In the data that follows, find the line with "Sono Keisatsukan, Tokidoki"; transcribe it, every later line up to the one with "Picture 3 of 6", and that line as well, exactly and with no others.

★ ★ ★ ★ ★ ★ ★

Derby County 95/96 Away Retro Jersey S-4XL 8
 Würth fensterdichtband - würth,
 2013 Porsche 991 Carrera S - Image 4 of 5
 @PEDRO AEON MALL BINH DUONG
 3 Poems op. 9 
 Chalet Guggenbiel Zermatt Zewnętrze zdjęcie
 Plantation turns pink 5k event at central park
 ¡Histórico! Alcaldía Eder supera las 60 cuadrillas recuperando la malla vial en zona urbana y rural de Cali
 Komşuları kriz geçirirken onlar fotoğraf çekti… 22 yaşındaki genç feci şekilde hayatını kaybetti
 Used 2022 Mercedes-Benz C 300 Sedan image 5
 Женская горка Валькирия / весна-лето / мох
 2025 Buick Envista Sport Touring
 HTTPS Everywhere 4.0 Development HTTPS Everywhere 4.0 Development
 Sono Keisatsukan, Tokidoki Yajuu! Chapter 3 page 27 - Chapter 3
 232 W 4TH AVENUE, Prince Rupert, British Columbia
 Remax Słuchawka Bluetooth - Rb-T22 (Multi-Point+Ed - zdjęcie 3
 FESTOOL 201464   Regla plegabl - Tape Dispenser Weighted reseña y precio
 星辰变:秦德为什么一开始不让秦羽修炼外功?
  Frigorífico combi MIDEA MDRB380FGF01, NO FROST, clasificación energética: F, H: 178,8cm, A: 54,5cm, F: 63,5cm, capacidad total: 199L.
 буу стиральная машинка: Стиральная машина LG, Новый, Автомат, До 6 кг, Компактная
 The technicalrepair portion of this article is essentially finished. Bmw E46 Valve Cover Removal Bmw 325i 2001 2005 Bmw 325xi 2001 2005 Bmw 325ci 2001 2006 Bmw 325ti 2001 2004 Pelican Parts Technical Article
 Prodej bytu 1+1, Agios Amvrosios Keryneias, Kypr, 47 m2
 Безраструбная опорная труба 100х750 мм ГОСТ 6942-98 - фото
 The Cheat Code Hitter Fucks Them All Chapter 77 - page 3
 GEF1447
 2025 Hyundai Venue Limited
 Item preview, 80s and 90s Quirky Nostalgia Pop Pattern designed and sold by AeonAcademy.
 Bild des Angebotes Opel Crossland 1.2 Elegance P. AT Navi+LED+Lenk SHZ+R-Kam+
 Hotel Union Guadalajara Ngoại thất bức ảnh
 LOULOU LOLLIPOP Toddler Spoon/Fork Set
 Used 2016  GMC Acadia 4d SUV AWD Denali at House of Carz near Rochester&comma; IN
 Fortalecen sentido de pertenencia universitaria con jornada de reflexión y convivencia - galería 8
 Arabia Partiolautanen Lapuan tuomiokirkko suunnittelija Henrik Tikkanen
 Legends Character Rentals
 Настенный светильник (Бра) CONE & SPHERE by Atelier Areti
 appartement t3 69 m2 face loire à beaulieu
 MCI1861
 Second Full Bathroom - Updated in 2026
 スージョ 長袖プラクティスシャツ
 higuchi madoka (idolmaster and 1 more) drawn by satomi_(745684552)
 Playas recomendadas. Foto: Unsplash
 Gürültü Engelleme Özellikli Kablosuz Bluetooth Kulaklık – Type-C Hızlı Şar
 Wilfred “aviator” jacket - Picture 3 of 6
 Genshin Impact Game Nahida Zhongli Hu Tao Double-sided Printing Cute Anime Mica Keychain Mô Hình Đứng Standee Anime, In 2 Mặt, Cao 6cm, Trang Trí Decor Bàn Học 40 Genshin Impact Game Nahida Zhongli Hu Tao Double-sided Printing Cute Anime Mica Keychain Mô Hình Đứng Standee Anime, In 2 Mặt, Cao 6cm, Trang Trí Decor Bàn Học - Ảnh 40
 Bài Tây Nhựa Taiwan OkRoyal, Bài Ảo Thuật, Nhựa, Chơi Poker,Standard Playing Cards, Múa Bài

★ ★ ★ ★ ★ ★ ★

__Reply to the exercise__.
 Sono Keisatsukan, Tokidoki Yajuu! Chapter 3 page 27 - Chapter 3
 232 W 4TH AVENUE, Prince Rupert, British Columbia
 Remax Słuchawka Bluetooth - Rb-T22 (Multi-Point+Ed - zdjęcie 3
 FESTOOL 201464   Regla plegabl - Tape Dispenser Weighted reseña y precio
 星辰变:秦德为什么一开始不让秦羽修炼外功?
  Frigorífico combi MIDEA MDRB380FGF01, NO FROST, clasificación energética: F, H: 178,8cm, A: 54,5cm, F: 63,5cm, capacidad total: 199L.
 буу стиральная машинка: Стиральная машина LG, Новый, Автомат, До 6 кг, Компактная
 The technicalrepair portion of this article is essentially finished. Bmw E46 Valve Cover Removal Bmw 325i 2001 2005 Bmw 325xi 2001 2005 Bmw 325ci 2001 2006 Bmw 325ti 2001 2004 Pelican Parts Technical Article
 Prodej bytu 1+1, Agios Amvrosios Keryneias, Kypr, 47 m2
 Безраструбная опорная труба 100х750 мм ГОСТ 6942-98 - фото
 The Cheat Code Hitter Fucks Them All Chapter 77 - page 3
 GEF1447
 2025 Hyundai Venue Limited
 Item preview, 80s and 90s Quirky Nostalgia Pop Pattern designed and sold by AeonAcademy.
 Bild des Angebotes Opel Crossland 1.2 Elegance P. AT Navi+LED+Lenk SHZ+R-Kam+
 Hotel Union Guadalajara Ngoại thất bức ảnh
 LOULOU LOLLIPOP Toddler Spoon/Fork Set
 Used 2016  GMC Acadia 4d SUV AWD Denali at House of Carz near Rochester&comma; IN
 Fortalecen sentido de pertenencia universitaria con jornada de reflexión y convivencia - galería 8
 Arabia Partiolautanen Lapuan tuomiokirkko suunnittelija Henrik Tikkanen
 Legends Character Rentals
 Настенный светильник (Бра) CONE & SPHERE by Atelier Areti
 appartement t3 69 m2 face loire à beaulieu
 MCI1861
 Second Full Bathroom - Updated in 2026
 スージョ 長袖プラクティスシャツ
 higuchi madoka (idolmaster and 1 more) drawn by satomi_(745684552)
 Playas recomendadas. Foto: Unsplash
 Gürültü Engelleme Özellikli Kablosuz Bluetooth Kulaklık – Type-C Hızlı Şar
 Wilfred “aviator” jacket - Picture 3 of 6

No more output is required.